Mr. WASHBURNE, of Illinois. I move to amend the motion so as to close debate in two hours.

Mr. ELDRIDGE. As the gentleman from Illinois is so liberal, I withdraw my amendment. The question was put on the amendment; and there were-ayes 57, noes 46.

Mr. MOORHEAD demanded tellers. Tellers were ordered; and Mr. MOORHEAD and Mr. GOLLADAY were appointed.

The House divided; and the tellers reported-ayes 60, noes 56.

So the amendment was agreed to. The motion to close debate, as amended, was then agreed to.

Mr. WASHBURNE, of Illinois, moved to reconsider the vote by which the motion was agreed to; and also moved that the motion to reconsider be laid on the table.

The latter motion was agreed to. Mr. CULLOM. Is it in order to move to postpone the bill until next session?

The SPEAKER. It is.

Mr. CULLOM. Then I make that motion. The SPEAKER. The motion to postpone will be reserved until the vote is taken on the motion to suspend the rules to go into Committee of the Whole on the state of the Union, as that motion, if adopted, would suspend the rule allowing the motion to postpone to be made.

Mr. CULLOM. I demand the yeas and nays on the motion to suspend the rules.

The yeas and nays were ordered.

The SPEAKER. The Chair will state that the House or the Committee of the Whole on the state of the Union can take a recess at any time they please, but the House will meet at half past seven o'clock this evening in Committee of the Whole (Mr. CULLOM in the chair) for general debate exclusively.
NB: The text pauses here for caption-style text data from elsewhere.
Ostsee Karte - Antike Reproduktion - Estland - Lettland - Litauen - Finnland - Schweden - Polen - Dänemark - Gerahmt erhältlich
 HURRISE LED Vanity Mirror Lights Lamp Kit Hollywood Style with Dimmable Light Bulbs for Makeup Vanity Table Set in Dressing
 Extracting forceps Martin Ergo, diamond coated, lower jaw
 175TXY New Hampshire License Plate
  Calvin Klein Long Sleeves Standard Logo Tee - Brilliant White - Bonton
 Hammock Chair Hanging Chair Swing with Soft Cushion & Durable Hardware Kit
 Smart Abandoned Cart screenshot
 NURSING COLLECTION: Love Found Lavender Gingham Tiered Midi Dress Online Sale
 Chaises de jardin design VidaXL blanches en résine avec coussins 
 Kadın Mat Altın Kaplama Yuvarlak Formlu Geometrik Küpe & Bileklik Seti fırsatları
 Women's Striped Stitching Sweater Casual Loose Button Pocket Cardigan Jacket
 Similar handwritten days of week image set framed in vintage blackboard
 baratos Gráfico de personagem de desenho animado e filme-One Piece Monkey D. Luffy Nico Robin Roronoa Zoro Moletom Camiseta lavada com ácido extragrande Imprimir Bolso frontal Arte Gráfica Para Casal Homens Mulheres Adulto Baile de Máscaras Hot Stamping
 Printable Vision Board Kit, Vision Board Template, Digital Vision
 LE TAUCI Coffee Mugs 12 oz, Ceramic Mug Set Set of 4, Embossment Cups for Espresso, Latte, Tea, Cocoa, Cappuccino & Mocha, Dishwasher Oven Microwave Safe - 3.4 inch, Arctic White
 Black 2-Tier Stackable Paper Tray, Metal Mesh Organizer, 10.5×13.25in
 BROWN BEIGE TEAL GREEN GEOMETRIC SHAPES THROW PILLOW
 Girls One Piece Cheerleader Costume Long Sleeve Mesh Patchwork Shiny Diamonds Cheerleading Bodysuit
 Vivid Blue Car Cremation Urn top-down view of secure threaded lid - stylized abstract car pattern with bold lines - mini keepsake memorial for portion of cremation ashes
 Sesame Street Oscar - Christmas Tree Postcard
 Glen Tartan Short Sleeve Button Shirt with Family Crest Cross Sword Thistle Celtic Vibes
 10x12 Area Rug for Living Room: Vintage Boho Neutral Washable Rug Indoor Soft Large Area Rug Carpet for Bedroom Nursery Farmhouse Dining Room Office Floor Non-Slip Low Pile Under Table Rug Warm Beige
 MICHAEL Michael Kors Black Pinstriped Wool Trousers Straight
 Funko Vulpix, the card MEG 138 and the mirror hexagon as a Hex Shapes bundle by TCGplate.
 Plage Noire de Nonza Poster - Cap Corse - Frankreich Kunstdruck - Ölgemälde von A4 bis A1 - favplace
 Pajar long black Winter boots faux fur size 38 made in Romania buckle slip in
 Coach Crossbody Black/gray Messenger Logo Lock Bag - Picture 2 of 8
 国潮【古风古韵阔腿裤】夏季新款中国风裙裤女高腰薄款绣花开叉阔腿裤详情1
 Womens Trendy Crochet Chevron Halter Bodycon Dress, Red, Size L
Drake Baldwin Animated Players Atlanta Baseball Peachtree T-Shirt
The question was taken on Mr. MOORHEAD'S motion; and it was decided in the affirmativeyeas 81, nays 56, not voting 60; as follows:

YEAS-Messrs. Ames, Anderson, Archer, Arnell, Delos R. Ashley, James M. Ashley, Baldwin, Banks, Benton, Blair, Boles, Boutwell, Boyden, Boyer, Buckland, Roderick R. Butler, Churchill, Covode, Dawes, Dixon, Dockery, Driggs, Eckley, Ela, Ferriss, Fields, Garfield, Getz, Griswold, Haight, Hamilton, Higby, Hinds, Chester D. Hubbard, Hulburd, Jenckes, Alexander H. Jones, Kelsey, Ketcham, Kitchen, Koontz, George V. Lawrence, Lynch, Mallory, Marvin, Maynard, McCarthy, McClurg, McKee, Mercur, Miller, Moore, Moorhead, Mullins, Myers, O'Neill, Perham, Pile, Plants, Poland, Pomeroy, Randall, Robertson, Sawyer, Schenck, Scofield, Selye, Smith, Spalding. Starkweather, Stokes, Taylor, Trowbridge,

Twichell, Upson, Van Auken, Burt Van Horn, Van Wyck, Ward, Henry D. Washburn, William B. Washburn, Welker, Thomas Williams, and Stephen F. Wilson-84.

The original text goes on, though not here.